The exhibit borrows inspiration from the epic poem, "Inferno
," in which Dante Alghieri vividly walks the reader through the nine circles of Hell. The second circle is lust, the fourth is greed, the fifth is wrath, and the seventh is violence. It is in this seventh circle that those were violent to one another, to themselves, to art, God, and nature are condemned to an eternity in an inhospitable environment of burning sand, rivers of boiling blood, and fire raining from the sky.
As a whole, and as if often the case of any creation, Dante's work was influenced by the political and cultural milieu in which he found himself in the fourteenth century. Just as his work is a commentary on the crises, ideas, and issues of his time - the artist's in this exhibit communicate the contemporary issues of our time on canvas. Just as Dante's imagination conjured up vivid images in the mind of the reader, Culbertson, Jurinich, and Ocampo will use paint and brush to consider whether humans have created our own seventh circle of hell.
Culbertson, a self-described eco-feminist, has addressed climate change, extreme weather, overpopulation, and the general "diminishment" of our planet at the hands of human activity. She has painted scenes of the Galapagos Islands, threatened species in Africa, and polluted waters of Long Island. Her works included in this exhibit will specifically consider climate change, oil spills, anti-environmentalists, and the Fukushima nuclear disaster.
"Our exhibit addresses the idea that mankind's current nature is of violence," explains Culbertson. "We aggressively inflict our ideas of how to live - on the earth, on ourselves, and on fellow species. We are focused on buying, using, and acquiring more land, food, space, energy--and disposing of it all without caring about the consequences. For me these are acts of violence against humanity and the earth, our home."
Jurinich is a Croatian-American whose work draws inspiration from her personal experience immigrating to the United States in 1958 from what was then Yugoslavia. Her paintings explore the impact of war, and struggles of refugees and women.
"My work has always had an undercurrent theme about wars, injustices and recently the refugees crisis in the world," shares Jurinich. One of her works, "Your Country My Planet" captures these thoughts. "Some countries have accepted refugees but most have not. It is a basic human reaction to flee to a safer place to escape death to oneself and one's family, regardless of some invisible border. With this painting I'm trying to present another viewpoint. From space looking down on this huge mass of earth on which we live why is it so hard for someone to go from here to there in order to survive?"

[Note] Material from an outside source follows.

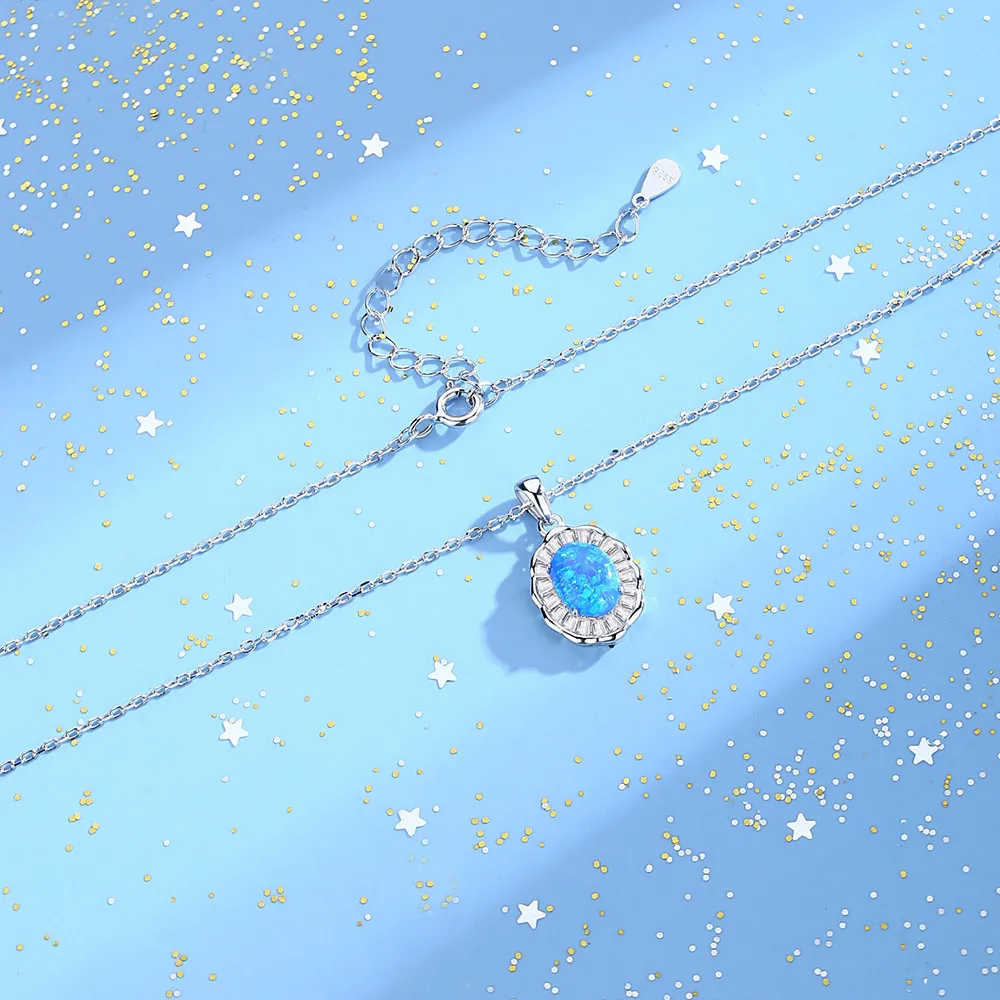 925 Sterling Silver White-Blue Opal Pendant Necklace 80200405 - image1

Lastly is Argentinian-American Ocampo, whose art explores the criminal justice system. She immigrated to the United States over 30 years ago, finding a home on both Long Island and in New York City
. Her works explore the experience of incarceration and imprisonment, the struggle for freedom, and the lack of humane treatment in many prison systems.
Together, these three artists compel the viewer to consider how much of Dante's mythical Inferno is myth, and how much can be seen in the world we live in today. In the words
of Culbertson, "we are symbiotic with the earth and while we destroy it we are destroying ourselves."
"The 7th Circle Exhibition demonstrates a great partnership between East End Arts and Southampton Cultural Center that provides the unique opportunity for artists to curate an exhibit," says Pat Snyder
, Executive Director at East End Arts.
The official opening reception is on Saturday, April 14 from 5 to 7 p.m. at the Southampton Cultural Center. The event is free, refreshments will be served, and the featured artists will be present. The exhibit closes on Saturday, April 30.